The warning applies to LeadCare Testing Systems by Magellan Diagnostics, Inc., including the LeadCare, LeadCare II, Lead Care Plus and LeadCare Ultra testing systems. They are used in clinics, laboratories, doctor’s offices and hospitals nationwide.

Why the tests are inaccurate for blood drawn from veins, as opposed to blood taken from capillary’s, is unknown at this time.

“The FDA is deeply concerned by this situation and is warning laboratories and health care professionals that they should not use any Magellan Diagnostics’ lead tests with blood drawn from a vein,” Dr. Jeffrey Shuren, director of the FDA’s Center for Devices and Radiological Health, said in a press release. “The agency is aggressively investigating this complicated issue to determine the cause of the inaccurate results and working with the CDC and other public health partners to address the problem as quickly as possible.”

The FDA is recommending that health care professionals discontinue using the systems for venous blood samples, but says they can still be used to test blood drawn from capillary sources. The CDC is also recommending that parents of children younger than six, as well as pregnant or nursing mothers, who may be concerned about previous test results, should consult a health care professional about whether to have themselves or their child retested.

Elevated blood lead levels are an indicator that children may be at risk for side effects of lead poisoning, which can cause serious nervous system injury, brain damage, seizures, growth or mental disability, as well as other severe health problems throughout the rest of their childhood and life.

One of the more common causes of of lead poisoning is lead-based paint, which was banned in the United States in 1978 due to the risk of severe and permanent brain damage and developmental problems, particularly in children.
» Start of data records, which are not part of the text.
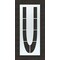 Rae Airport Pavement Stencil, Letter, 144 in Character Height, Highway Gothic Font, Clear, 1 Pieces STL-108-F144U - alternate 1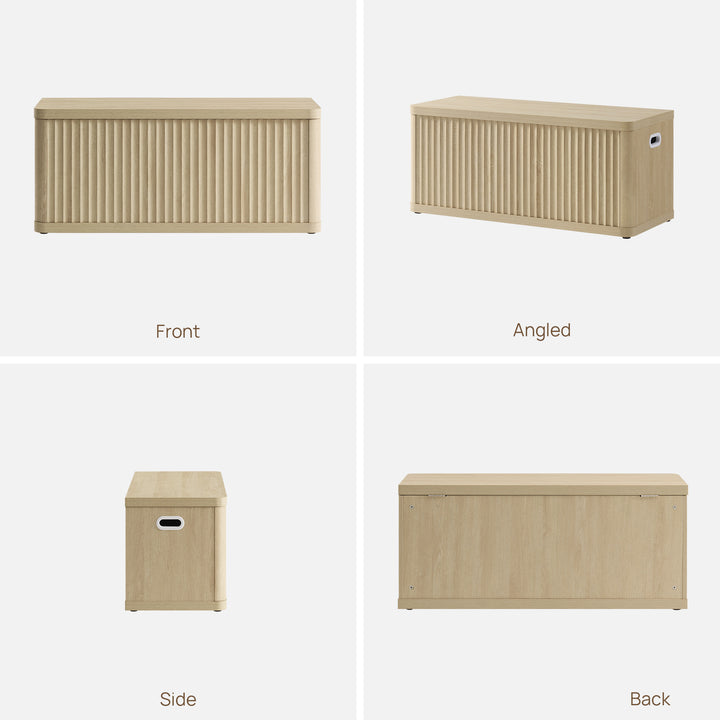 Cas Storage Shoe Bench with Flip-Top Lid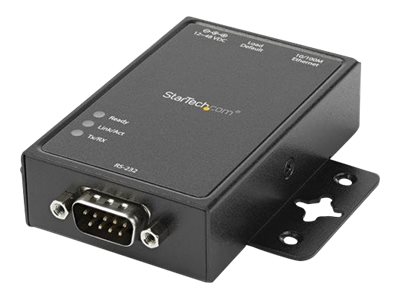 StarTech.com 1 Port RS232 to Ethernet IP Converter / Device Server - Aluminum - Serial over IP Device Server - Serial to IP Converter (NETRS2321P) - Device server - 100Mb LAN, RS-232 - AC 100/230 V - rail mountable - for P/N: SVA12M2NEUA, SVA12M5NA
However, a number of older homes still contain the toxic paint on the walls, and if it flakes or peals off, young children could ingest the paint chips or breathe dust that comes from the paint, resulting in lead poisoning. Many of those homes are owned by HUD or receive HUD assistance.

In recent years, there has also been an increased focus on lead in drinking water, stemming from the recent and ongoing Flint water crisis, during which a change to the water system in the Michigan city resulted in high levels of lead in residents’ drinking water, causing thousands of children to suffer lead exposure and, potentially, lead poisoning.
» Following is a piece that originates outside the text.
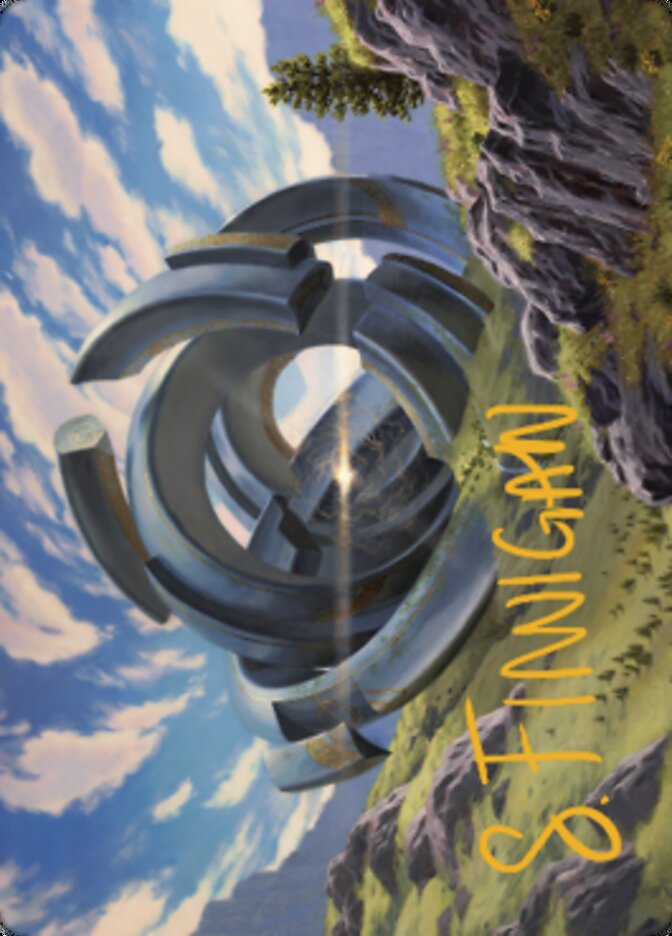 Thran Portal Art Card (Gold-Stamped Signature) [Dominaria United Art Series] | Gear Gaming Fayetteville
The CDC estimates that 535,000 children ages 1-5, or about 2.6% of such children in the U.S., have levels of lead in their blood that place them at risk for adverse health effects. To come up with that number, the CDC analyzed data from the National Health and Nutrition Examination Survey from the years 1999 to 2002, and 2007 through 2010.

The CDC is currently considering dropping its level of concern for lead levels even lower, which could significantly increase that number.

The majority of those children are poor and live in older urban areas, mainly in the inner city. Most are minorities, meaning such exposures add to numerous problems already plaguing inner city black and Latino youths, such as poverty, high crime and poor schools.